Posted by Paul McConville
Criminal Procedure (Scotland) Act 1995
155 Punishment of witness for contempt.
(1) If a witness in a summary prosecution—
(a) wilfully fails to attend after being duly cited; or
(b) unlawfully refuses to be sworn; or
(c) after the oath has been administered to him refuses to answer any question which the court may allow; or
(d) prevaricates in his evidence,
he shall be deemed guilty of contempt of court and be liable to be summarily punished forthwith for such contempt by a fine not exceeding level 3 on the standard scale or by imprisonment for any period not exceeding 21 days.
156 Apprehension of witness.
(1) In any summary proceedings, the court may, on the application of any of the parties, issue a warrant for the apprehension of a witness if subsection (2) or (3) below applies in relation to the witness.
(2) This subsection applies if the witness, having been duly cited to any diet in the proceedings, deliberately and obstructively fails to appear at the diet.

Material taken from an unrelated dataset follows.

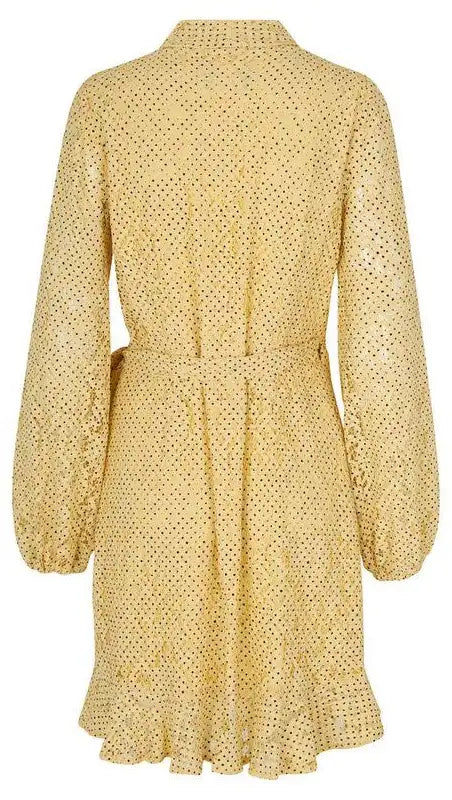 Cras lemon lace wrap dress size size 10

(4) For the purposes of subsection (2) above, a witness who, having been duly cited to any diet, fails to appear at the diet is to be presumed, in the absence of any evidence to the contrary, to have so failed deliberately and obstructively.
(7) A warrant issued under this section in the form mentioned in subsection (6) above shall imply warrant to officers of law—
(a) to search for and apprehend the witness in respect of whom it is issued;
(b) to bring the witness before the court;
(c) in the meantime, to detain the witness in a police station, police cell or other convenient place; and
(d) so far as necessary for the execution of the warrant, to break open shut and lockfast places.
(9) Section 135(3) of this Act makes provision as to bringing before the court a person apprehended under a warrant issued under this section.
156A Orders in respect of witnesses apprehended under section 156
(1) Where a witness is brought before the court in pursuance of a warrant issued under section 156 of this Act, the court shall, after giving the parties and the witness an opportunity to be heard, make an order—
(a) detaining the witness until the conclusion of the diet at which the witness is to give evidence;
(b) releasing the witness on bail; or
(c) liberating the witness.
(2) The court may make an order under subsection (1)(a) or (b) above only if it is satisfied that—
(a) the order is necessary with a view to securing that the witness appears at the diet at which the witness is to give evidence; and
(b) it is appropriate in all the circumstances to make the order.
(3) Whenever the court makes an order under subsection (1) above, it shall state the reasons for the terms of the order.
(4) Subsection (1) above is without prejudice to any power of the court to—
(a) make a finding of contempt of court in respect of any failure of a witness to appear at a diet to which he has been duly cited; and
(b) dispose of the case accordingly.
(6) On making an order under subsection (1)(b) above in respect of a witness, the court shall impose such conditions as it considers necessary with a view to securing that the witness appears at the diet at which he is to give evidence.
(7) However, the court may not impose as such a condition a requirement that the witness or a cautioner on his behalf deposit a sum of money in court.
135 Warrants of apprehension and search.
(3) A person apprehended under a warrant or by virtue of power under any enactment or rule of law shall wherever practicable (if not liberated under section 22(1B)(a) of this Act) be brought before a court competent to deal with the case not later than in the course of the first day on which the court is sitting after he is taken into custody.